Given data Block Start

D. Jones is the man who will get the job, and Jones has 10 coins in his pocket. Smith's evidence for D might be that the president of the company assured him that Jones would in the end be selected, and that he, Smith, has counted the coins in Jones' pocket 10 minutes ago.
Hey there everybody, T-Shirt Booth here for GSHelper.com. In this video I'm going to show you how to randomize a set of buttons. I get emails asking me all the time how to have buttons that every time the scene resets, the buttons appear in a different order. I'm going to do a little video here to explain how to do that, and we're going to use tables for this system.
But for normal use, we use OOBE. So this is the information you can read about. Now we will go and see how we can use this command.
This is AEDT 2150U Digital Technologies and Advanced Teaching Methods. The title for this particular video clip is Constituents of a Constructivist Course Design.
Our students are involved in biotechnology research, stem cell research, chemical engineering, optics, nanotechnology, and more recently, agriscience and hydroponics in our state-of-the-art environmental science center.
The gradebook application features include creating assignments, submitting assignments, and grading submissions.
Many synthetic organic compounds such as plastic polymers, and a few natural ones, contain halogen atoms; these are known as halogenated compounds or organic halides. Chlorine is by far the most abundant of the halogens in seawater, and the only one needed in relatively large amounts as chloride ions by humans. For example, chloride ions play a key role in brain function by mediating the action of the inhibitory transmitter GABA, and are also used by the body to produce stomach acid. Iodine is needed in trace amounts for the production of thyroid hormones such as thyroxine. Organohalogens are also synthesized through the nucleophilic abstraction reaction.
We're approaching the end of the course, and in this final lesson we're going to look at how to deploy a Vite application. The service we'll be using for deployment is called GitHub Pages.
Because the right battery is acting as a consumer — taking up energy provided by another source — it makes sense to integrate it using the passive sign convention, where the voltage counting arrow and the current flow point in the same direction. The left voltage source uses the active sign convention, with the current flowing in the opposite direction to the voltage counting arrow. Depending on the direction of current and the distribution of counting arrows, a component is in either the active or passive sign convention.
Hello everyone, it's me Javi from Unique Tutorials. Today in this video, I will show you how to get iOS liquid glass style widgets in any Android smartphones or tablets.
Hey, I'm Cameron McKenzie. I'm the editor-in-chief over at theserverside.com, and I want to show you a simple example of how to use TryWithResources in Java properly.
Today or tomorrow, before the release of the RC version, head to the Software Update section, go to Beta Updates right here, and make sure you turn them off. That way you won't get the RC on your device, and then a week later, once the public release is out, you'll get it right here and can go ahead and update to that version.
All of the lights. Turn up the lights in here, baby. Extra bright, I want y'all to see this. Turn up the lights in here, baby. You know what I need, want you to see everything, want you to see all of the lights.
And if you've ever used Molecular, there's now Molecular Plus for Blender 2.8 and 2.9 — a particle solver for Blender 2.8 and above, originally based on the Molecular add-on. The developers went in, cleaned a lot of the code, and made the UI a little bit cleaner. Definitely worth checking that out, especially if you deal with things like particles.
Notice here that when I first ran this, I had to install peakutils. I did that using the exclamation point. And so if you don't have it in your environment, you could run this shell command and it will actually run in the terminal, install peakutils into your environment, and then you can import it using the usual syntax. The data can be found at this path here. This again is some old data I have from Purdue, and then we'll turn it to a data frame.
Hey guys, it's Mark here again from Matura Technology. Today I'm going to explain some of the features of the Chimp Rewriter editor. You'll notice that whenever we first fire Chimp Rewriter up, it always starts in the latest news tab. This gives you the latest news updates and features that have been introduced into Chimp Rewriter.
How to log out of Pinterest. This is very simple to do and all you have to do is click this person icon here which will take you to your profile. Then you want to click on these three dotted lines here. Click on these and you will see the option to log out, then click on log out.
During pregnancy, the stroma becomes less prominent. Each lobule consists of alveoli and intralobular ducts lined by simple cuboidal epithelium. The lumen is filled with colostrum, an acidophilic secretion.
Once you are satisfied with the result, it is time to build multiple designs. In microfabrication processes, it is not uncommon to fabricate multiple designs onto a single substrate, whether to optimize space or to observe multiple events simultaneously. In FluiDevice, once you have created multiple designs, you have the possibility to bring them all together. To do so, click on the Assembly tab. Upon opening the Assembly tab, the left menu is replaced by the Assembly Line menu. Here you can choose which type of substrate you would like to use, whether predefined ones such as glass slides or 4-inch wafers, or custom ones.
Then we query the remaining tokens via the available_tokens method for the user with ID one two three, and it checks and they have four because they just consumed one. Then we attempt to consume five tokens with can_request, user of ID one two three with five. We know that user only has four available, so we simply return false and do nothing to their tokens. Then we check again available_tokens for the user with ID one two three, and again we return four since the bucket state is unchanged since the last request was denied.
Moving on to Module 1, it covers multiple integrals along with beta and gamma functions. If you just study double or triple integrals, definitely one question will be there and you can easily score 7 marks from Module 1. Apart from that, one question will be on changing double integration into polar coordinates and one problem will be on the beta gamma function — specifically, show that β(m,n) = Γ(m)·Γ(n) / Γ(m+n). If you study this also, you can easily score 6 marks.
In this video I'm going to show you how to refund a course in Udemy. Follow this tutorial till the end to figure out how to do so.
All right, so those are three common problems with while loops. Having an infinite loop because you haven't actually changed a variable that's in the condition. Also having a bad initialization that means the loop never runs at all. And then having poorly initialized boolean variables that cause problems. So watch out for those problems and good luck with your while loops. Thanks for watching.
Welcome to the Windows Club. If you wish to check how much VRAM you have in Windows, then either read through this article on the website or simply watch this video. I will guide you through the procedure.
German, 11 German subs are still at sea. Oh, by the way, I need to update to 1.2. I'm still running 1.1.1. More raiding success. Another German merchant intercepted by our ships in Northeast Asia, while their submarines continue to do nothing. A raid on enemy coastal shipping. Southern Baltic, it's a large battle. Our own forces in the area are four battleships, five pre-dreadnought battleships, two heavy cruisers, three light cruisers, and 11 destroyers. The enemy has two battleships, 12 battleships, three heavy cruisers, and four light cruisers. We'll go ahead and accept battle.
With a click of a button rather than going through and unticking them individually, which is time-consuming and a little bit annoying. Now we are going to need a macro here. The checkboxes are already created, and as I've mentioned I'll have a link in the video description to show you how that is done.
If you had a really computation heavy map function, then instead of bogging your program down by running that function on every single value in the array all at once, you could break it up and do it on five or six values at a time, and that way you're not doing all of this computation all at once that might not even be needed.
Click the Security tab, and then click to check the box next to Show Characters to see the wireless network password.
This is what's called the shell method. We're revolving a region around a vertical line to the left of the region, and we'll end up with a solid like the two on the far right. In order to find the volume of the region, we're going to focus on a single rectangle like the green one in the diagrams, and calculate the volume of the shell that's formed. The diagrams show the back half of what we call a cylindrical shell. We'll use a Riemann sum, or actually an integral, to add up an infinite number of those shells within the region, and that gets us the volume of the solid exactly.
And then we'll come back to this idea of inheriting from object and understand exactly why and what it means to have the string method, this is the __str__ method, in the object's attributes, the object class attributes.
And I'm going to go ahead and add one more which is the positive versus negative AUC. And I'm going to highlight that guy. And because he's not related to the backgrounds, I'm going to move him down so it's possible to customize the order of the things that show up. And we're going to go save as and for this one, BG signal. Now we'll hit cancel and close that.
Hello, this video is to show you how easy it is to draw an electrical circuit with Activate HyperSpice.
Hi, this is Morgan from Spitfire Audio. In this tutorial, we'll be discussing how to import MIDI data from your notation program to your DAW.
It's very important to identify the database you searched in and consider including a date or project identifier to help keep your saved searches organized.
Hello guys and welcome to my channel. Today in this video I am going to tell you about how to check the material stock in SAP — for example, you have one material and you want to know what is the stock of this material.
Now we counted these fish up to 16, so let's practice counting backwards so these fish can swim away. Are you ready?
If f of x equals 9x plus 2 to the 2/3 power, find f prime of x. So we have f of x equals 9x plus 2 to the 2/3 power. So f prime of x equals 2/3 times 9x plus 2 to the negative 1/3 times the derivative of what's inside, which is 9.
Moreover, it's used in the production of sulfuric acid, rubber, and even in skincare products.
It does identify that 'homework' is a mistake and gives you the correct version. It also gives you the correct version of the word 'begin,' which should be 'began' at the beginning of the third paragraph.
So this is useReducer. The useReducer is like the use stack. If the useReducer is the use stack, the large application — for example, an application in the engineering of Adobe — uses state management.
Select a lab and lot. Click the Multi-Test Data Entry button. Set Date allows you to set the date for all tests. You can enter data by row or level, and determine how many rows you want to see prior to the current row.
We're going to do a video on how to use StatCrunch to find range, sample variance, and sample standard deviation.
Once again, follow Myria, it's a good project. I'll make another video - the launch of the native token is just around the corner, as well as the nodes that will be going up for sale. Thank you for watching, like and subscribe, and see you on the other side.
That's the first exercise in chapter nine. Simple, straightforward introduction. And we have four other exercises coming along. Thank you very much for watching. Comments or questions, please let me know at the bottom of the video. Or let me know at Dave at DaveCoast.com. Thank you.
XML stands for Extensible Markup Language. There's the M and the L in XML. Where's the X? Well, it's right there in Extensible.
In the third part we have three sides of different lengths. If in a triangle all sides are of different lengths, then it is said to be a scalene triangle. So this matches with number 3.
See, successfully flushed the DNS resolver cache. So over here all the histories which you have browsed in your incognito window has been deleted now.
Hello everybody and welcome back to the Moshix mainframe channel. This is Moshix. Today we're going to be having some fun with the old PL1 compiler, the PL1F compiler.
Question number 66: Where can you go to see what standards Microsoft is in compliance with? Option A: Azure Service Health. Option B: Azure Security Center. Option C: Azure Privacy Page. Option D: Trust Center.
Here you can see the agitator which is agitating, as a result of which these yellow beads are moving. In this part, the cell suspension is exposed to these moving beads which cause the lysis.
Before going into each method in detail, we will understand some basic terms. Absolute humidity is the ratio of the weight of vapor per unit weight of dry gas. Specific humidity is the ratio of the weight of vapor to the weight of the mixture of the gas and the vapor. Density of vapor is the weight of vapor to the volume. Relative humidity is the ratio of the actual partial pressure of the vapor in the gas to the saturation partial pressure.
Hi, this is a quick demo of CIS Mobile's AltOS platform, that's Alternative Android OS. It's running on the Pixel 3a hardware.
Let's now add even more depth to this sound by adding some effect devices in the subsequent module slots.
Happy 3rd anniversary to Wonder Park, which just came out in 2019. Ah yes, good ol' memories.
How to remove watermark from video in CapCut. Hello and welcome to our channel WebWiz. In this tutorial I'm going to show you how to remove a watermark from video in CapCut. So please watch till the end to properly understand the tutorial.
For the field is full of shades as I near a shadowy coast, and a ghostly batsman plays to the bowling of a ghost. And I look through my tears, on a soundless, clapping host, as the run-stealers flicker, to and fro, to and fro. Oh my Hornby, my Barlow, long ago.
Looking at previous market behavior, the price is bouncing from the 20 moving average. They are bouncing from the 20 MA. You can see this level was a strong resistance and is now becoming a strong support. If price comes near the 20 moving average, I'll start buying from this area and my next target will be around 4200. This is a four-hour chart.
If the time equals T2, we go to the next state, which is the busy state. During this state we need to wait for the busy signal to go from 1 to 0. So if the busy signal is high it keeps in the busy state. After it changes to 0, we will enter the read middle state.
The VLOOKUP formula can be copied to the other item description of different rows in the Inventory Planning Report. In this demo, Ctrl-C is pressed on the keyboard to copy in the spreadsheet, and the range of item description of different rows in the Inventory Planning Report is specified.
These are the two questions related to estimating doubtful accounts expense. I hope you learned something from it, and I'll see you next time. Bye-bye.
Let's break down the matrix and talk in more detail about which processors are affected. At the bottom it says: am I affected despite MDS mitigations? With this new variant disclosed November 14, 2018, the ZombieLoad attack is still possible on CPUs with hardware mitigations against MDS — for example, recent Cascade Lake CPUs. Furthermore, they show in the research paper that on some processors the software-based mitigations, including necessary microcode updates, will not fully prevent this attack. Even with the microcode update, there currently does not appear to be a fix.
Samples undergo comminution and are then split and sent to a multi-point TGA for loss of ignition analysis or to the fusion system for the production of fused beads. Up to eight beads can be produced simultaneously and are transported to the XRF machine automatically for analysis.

Given data Block End

(Work to complete): Send back an exact copy of only the lines from the line with "Welcome to the" up to and including the line with "German, 11 German" in the data above.

(Reply):
Welcome to the Windows Club. If you wish to check how much VRAM you have in Windows, then either read through this article on the website or simply watch this video. I will guide you through the procedure.
German, 11 German subs are still at sea. Oh, by the way, I need to update to 1.2. I'm still running 1.1.1. More raiding success. Another German merchant intercepted by our ships in Northeast Asia, while their submarines continue to do nothing. A raid on enemy coastal shipping. Southern Baltic, it's a large battle. Our own forces in the area are four battleships, five pre-dreadnought battleships, two heavy cruisers, three light cruisers, and 11 destroyers. The enemy has two battleships, 12 battleships, three heavy cruisers, and four light cruisers. We'll go ahead and accept battle.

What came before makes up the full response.